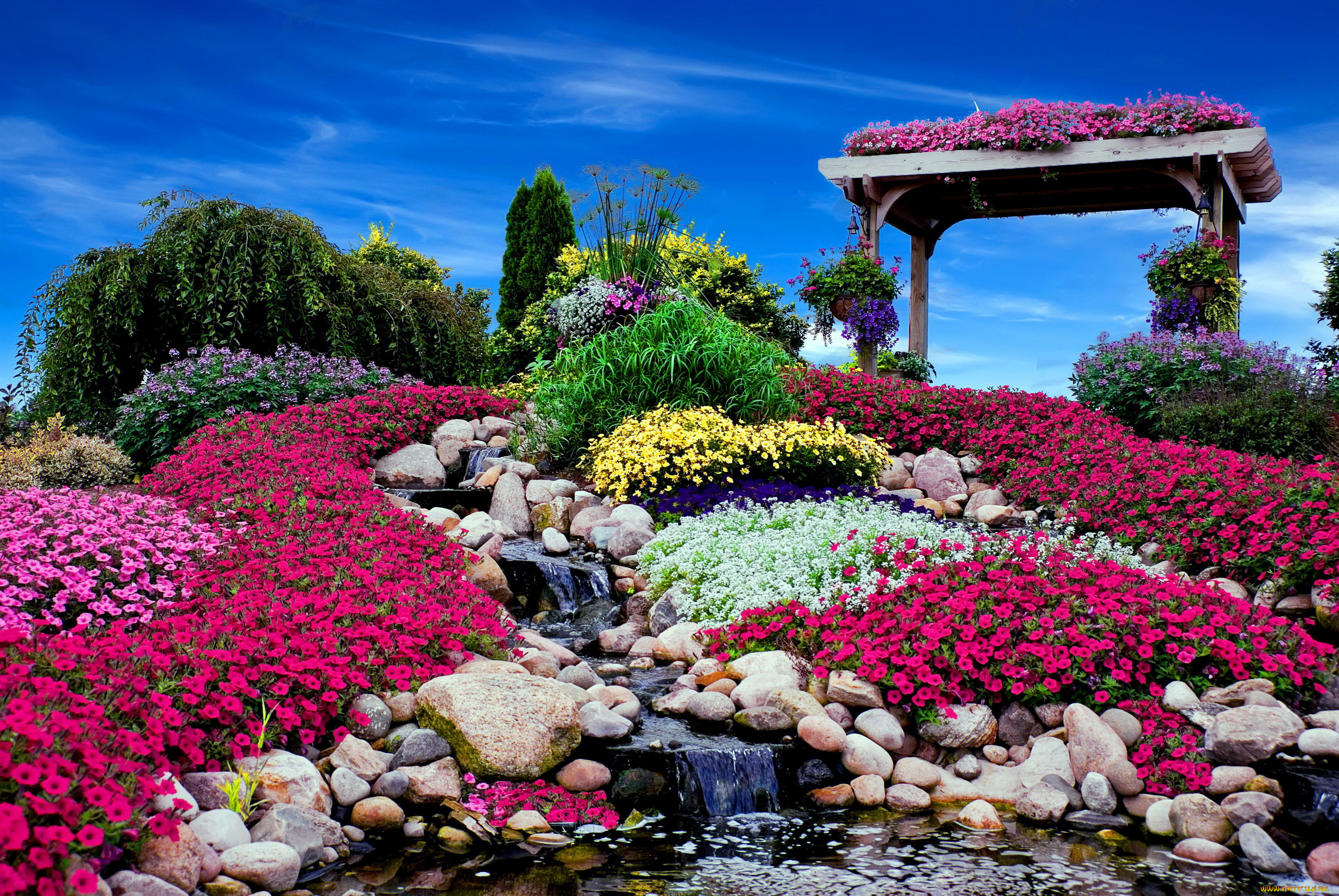 цветы, разные, вместе, альпийская, горка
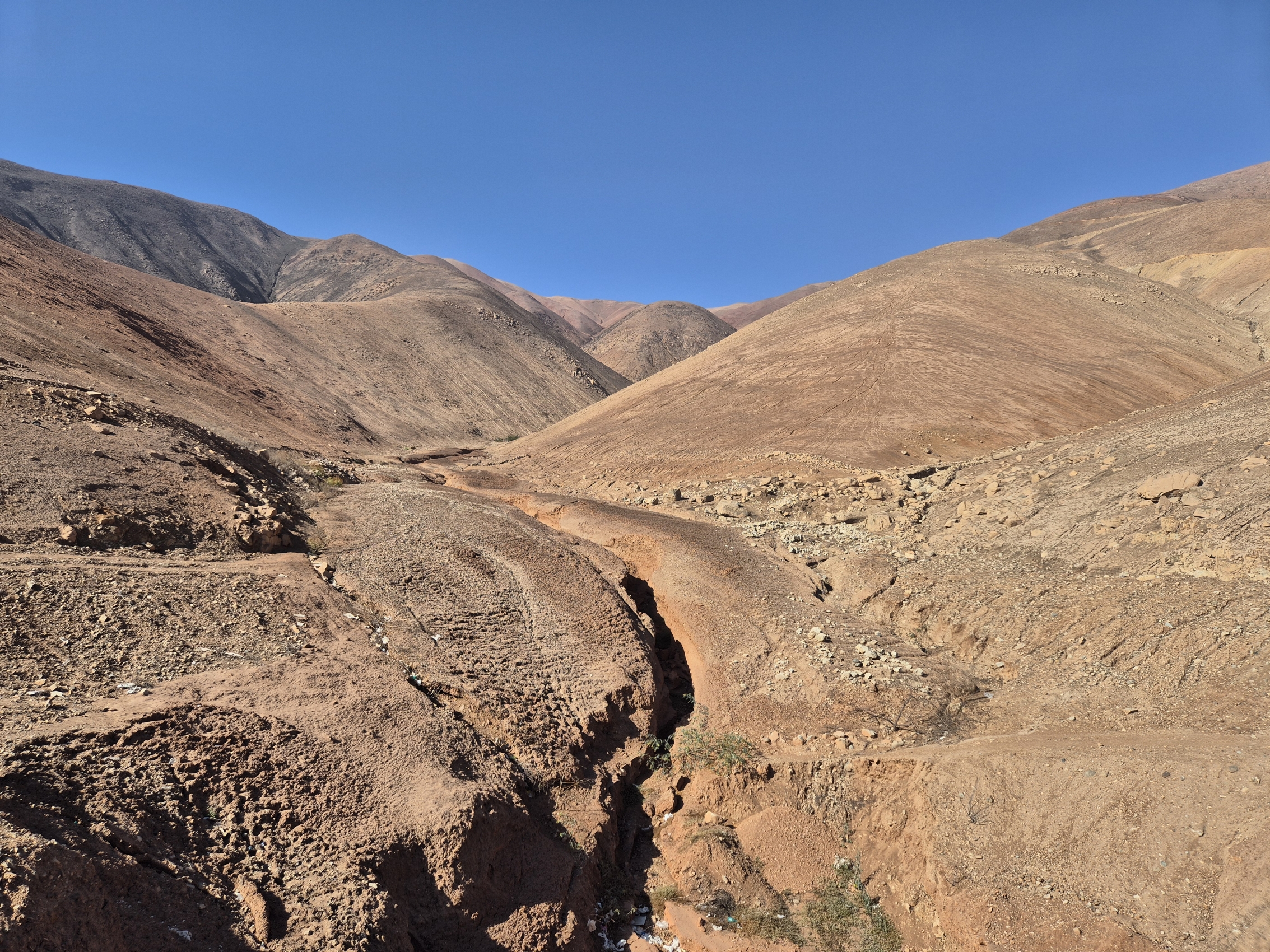 Landscape10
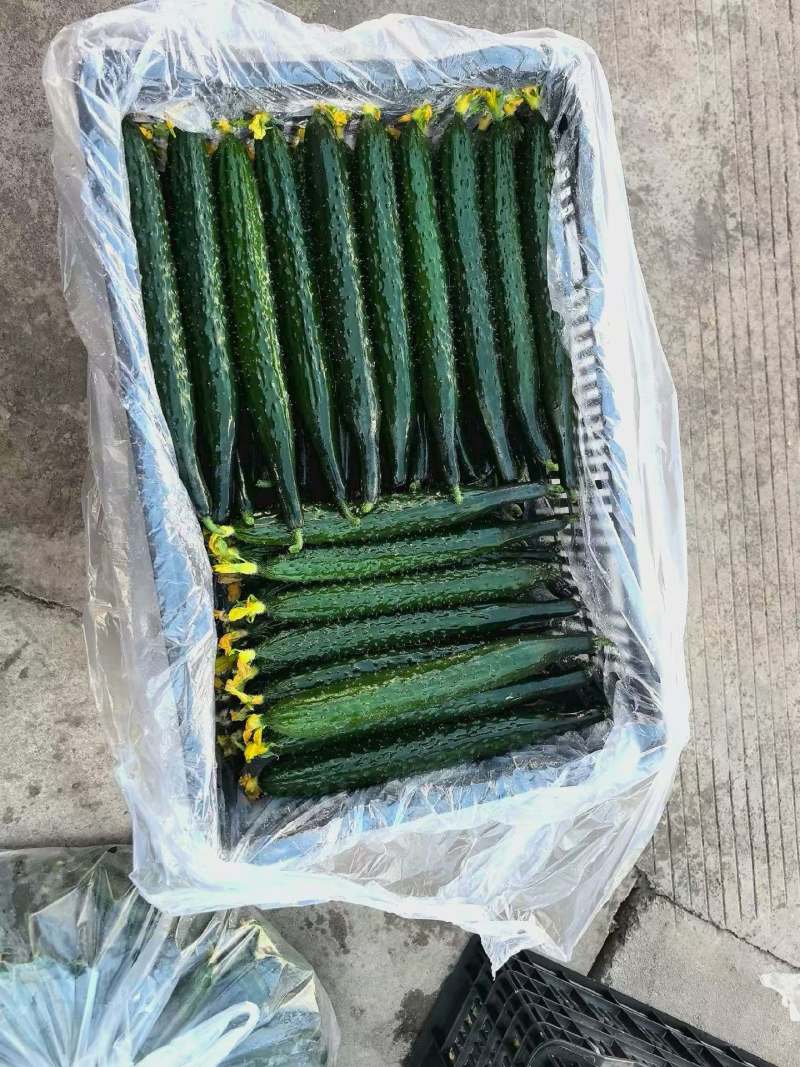 云南精品水果黄瓜新鲜采摘直发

GOAL OF THE EXERCISE: The answer is the full listing above, repeated exactly, with its pictures removed.

WRITTEN RESPONSE:
 цветы, разные, вместе, альпийская, горка
 Landscape10
 云南精品水果黄瓜新鲜采摘直发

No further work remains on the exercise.